Tu veux dire que ce qui te pousse à aller à l’atelier, c’est avant tout une manière de comprendre le monde, de l’interroger, de le percevoir différemment ?
À mon avis, oui. Une œuvre d’art doit toujours interroger plutôt que poser des affirmations. Quand on parle de désir, on essaie toujours d’échapper aux mots et aux concepts, car au fond le désir est toujours une affirmation sexuelle. De quelle manière questionnes-tu le statut et le pouvoir de ces images ?
Comment pousses-tu le regardeur à s’interroger lui-même sur les images dont il dispose ?

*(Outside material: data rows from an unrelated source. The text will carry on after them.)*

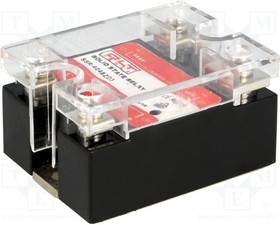 SSR-4048ZD3, Реле: полупроводниковое, Uупр: 4-32ВDC, 40А, 44-440ВAC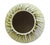 1950s Linea Series Onion Shaped Ceramic Vase by Aldo Londi for Bitossi Italy 1950s For Sale - Image 5 of 11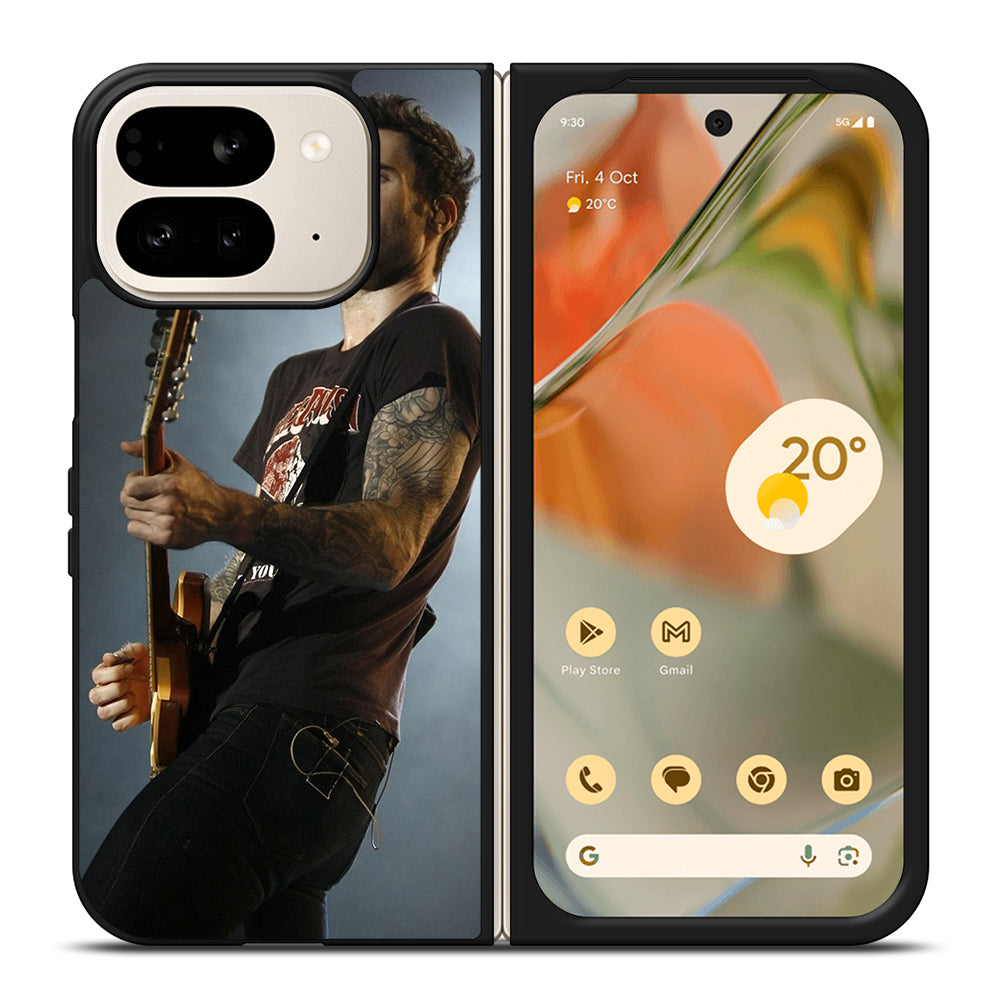 ADAM LEVINE GUITAR Google Pixel 9 Pro Fold Case Cover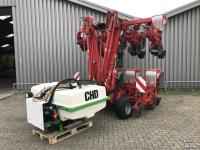 Einzelkornsägeräte Kverneland Optima HD e-drive 8R
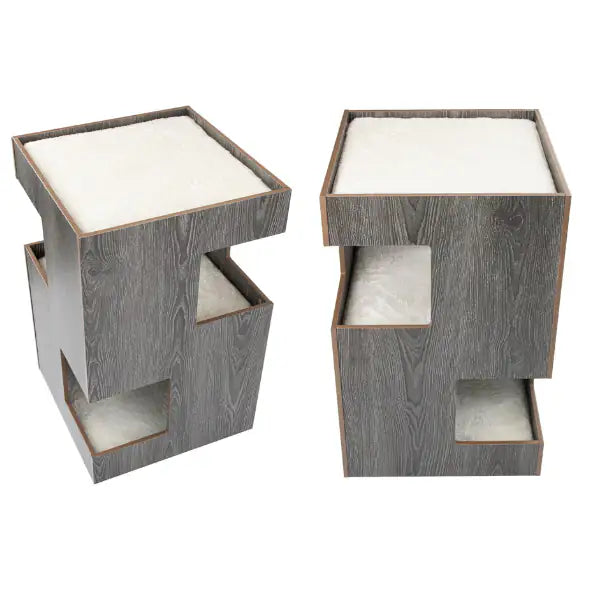 Cuccia per gatti a tre piani Castle Design CanadianCat   bauzaarit.myshopify.com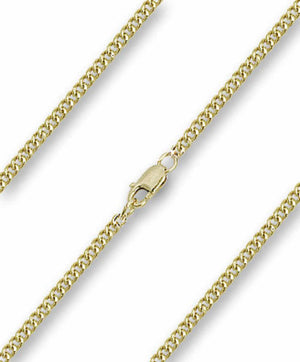 Endless Men's Heavy Curb Chain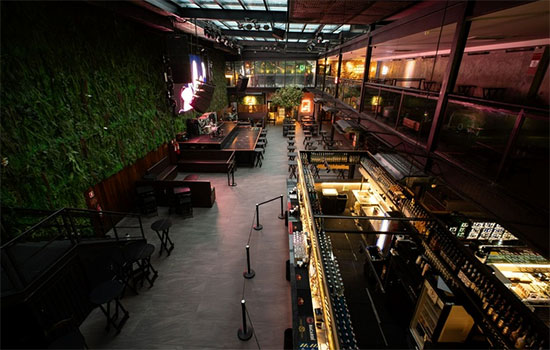 Venue---Motiro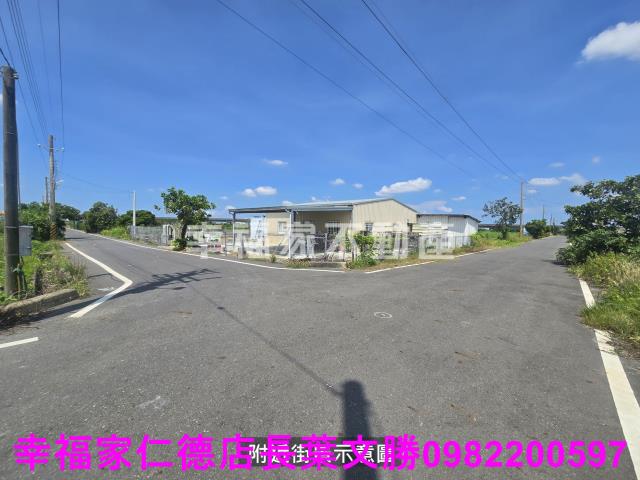 台南善化農地-9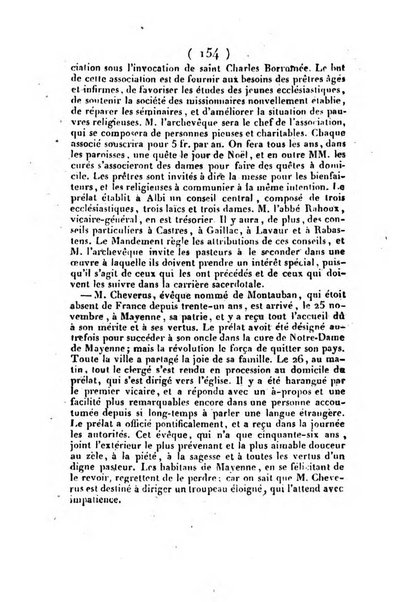 L'ami de la religion et du roi journal ecclesiastique, politique et litteraire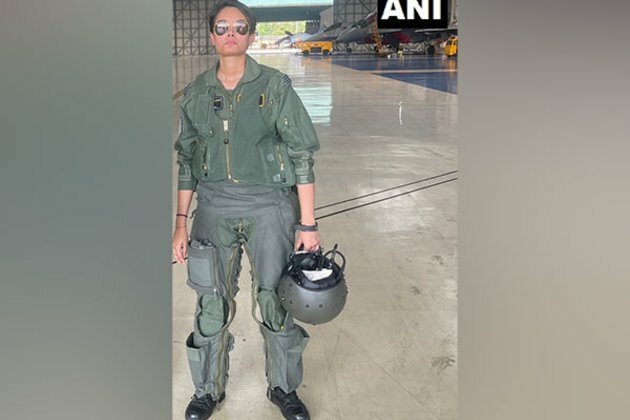 Ready to tackle any eventuality along China border: IAF's first woman Su-30 weapon system operator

En fait, ce n’est jamais un regard critique parce que sinon on entre dans le domaine éthique. Je préfère poser un regard illustratif, je préfère montrer des choses de manière totalement neutre, sans donner de réponse morale. Disons que si j’étais un metteur en scène, je serais Antonioni et pas Fellini.
Une image n’est pas bonne ou mauvaise en soi, cela dépend du regard, de la responsabilité du spectateur ?
Absolument, je suis totalement d’accord avec cela. Je ne fais jamais d’affirmation morale, critique ou éthique sur les choses que je montre, je préfère les présenter telles qu’elles sont. J’aime, je vis et je me nourris d’images.
Tes références font partie d’un fonds culturel partagé, tu reprends des archétypes littéraires et artistiques qui sont ancrés dans notre inconscient collectif. Tu les mêles à l’univers de la mode, de la publicité ou du cinéma. Tu préfères toujours l’assimilation des sources à leur citation directe ?
La citation directe à l’histoire de l’art par exemple est très rare dans mon travail, elle apparaît ici ou là, mais pas de manière continue. La pièce que je suis en train de réaliser pour le musée est une référence directe à Degas. Dans les années 1980, j’ai fait des citations de Theo van Doesburg et de Malevitch, mais je n’aime pas beaucoup travailler sur l’art. Il y a des artistes dont le travail n’existe qu’au travers des références et des citations artistiques, ce n’est pas du tout mon cas. Je préfère digérer ces images et les restituer au monde d’une autre façon.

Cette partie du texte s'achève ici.